▶ [Task brief]
Under this line are the records; repeat exactly the lines starting at the one containing "Poppy tampil dengan" and ending at the one containing "Solara Bodysuit in", omitting pictures.

▶ [Information given]
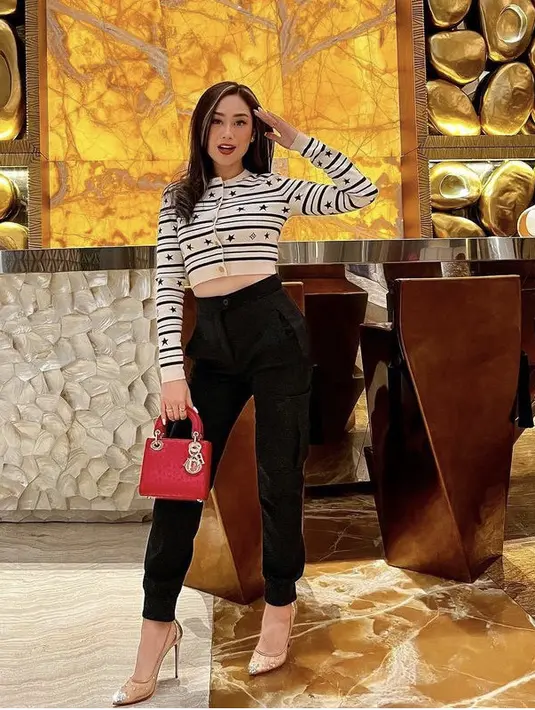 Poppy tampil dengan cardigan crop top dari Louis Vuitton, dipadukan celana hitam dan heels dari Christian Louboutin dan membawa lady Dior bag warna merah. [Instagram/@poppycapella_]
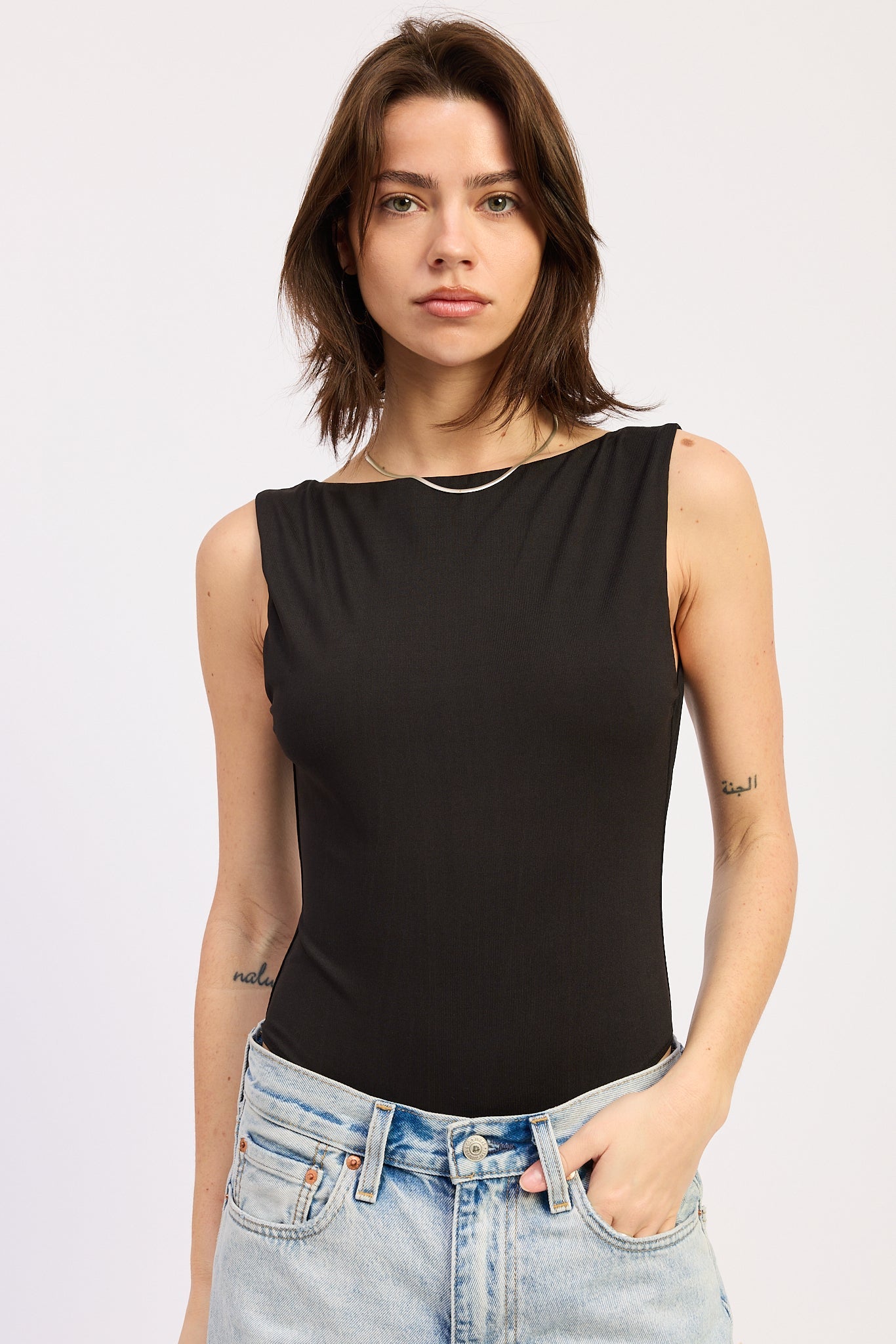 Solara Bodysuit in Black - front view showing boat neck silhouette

...

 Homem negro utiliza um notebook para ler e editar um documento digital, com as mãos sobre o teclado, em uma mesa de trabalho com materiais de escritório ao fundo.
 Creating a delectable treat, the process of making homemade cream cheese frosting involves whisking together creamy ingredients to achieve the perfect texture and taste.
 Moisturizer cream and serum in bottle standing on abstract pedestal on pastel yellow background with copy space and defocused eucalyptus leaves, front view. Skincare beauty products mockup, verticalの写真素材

▶ [Expected output]
 Poppy tampil dengan cardigan crop top dari Louis Vuitton, dipadukan celana hitam dan heels dari Christian Louboutin dan membawa lady Dior bag warna merah. [Instagram/@poppycapella_]
 Solara Bodysuit in Black - front view showing boat neck silhouette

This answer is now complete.